Solo dev questioning the direction of my card game — need honest reactions to an idea I can't shake
I've been building a 1v1 competitive card game for several months now and I've reached a point where I'm second-guessing the whole approach. Rather than sink another stretch of work into something the market might not actually want, I'd rather ask people who think about this stuff.
The current project is a real-time PvP card game — drafting, simultaneous turns, the usual competitive setup. It works. But I keep coming back to a different idea, and I can't tell if it's a genuine gap in the market or just my own projection.
Here's what I keep thinking about:
A 1v1 strategic card game where most of the information is open. You can see your opponent's hand. They can see yours. The depth comes from sequencing and anticipation — what they're threatening, what you can punish, what you're forcing them into. Each match starts with both players picking an archetype from a fixed pool (say 6 to 8), each with its own small set of defining cards. All archetypes available from the start. No collection to build, no booster packs, no pay-to-win. A small amount of hidden information stays in the design — maybe a single face-down card you can reveal when you want, or a few private events — enough to support bluffing without making the whole thing feel random.
The format would be fully asynchronous. Make your move when you have 30 seconds. Opponent plays whenever they're free. A match might wrap up in 20 minutes if both players are active, or stretch across days. No live timer pressure unless someone opts into a faster mode.
The whole thing would be free to play. A paid tier would exist for analysis tools — post-match breakdowns, puzzles generated from your own games, that sort of thing — but nothing that affects competitive play itself.
What's keeping me up: I can't find any digital card game that really targets this space. Card games are usually built around live matches, collection grinding, and metagame churn.
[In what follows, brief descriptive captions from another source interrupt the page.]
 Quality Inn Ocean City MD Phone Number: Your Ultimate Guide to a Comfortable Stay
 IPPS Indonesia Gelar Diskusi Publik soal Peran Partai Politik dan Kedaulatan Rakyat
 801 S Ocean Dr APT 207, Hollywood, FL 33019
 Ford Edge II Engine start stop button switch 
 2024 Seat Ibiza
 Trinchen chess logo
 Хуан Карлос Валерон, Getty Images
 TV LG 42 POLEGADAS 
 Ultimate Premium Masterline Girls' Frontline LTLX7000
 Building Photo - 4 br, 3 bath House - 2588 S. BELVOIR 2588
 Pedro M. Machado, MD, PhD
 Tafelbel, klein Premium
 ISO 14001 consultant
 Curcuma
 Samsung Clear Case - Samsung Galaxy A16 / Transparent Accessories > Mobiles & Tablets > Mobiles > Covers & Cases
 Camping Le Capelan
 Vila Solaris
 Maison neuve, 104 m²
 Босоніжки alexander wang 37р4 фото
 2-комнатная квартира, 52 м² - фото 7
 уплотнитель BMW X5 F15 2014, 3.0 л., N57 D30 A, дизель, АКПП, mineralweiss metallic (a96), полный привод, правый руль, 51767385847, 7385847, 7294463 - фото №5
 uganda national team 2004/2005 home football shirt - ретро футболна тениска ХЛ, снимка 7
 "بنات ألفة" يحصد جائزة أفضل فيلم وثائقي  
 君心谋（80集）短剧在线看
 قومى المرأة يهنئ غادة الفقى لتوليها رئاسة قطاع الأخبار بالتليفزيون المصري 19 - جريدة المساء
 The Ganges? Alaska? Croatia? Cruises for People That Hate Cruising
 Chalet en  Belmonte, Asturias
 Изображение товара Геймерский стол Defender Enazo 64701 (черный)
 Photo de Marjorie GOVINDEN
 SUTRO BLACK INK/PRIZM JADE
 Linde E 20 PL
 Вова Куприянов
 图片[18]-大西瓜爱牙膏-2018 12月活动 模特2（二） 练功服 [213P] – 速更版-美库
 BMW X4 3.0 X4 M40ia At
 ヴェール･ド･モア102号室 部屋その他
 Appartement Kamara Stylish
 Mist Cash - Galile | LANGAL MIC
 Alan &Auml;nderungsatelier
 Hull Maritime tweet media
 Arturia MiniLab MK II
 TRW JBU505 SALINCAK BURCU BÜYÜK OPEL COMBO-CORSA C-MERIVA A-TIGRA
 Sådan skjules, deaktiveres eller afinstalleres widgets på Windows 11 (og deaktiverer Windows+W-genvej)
What I'm describing is closer to how people engage with strategy games on their own terms — opening an app on a commute, making a thoughtful move, closing it, coming back later. The use case feels real to me but I might be wrong about whether anyone actually wants this in a card game format specifically.
Three things I'd actually value hearing:
If this existed and was free to try, would you give it a shot? Or does the description already sound like something you'd pass on?
What's the strongest reason you can think of that this wouldn't work? I'm more interested in the failure modes than the upsides right now.
If you've drifted away from card games over the years, what was the actual reason — and would something like this pull you back in, or is the whole genre off the table for you?
Genuinely open to harsh takes. Polite encouragement is appreciated but doesn't help me decide what to do next.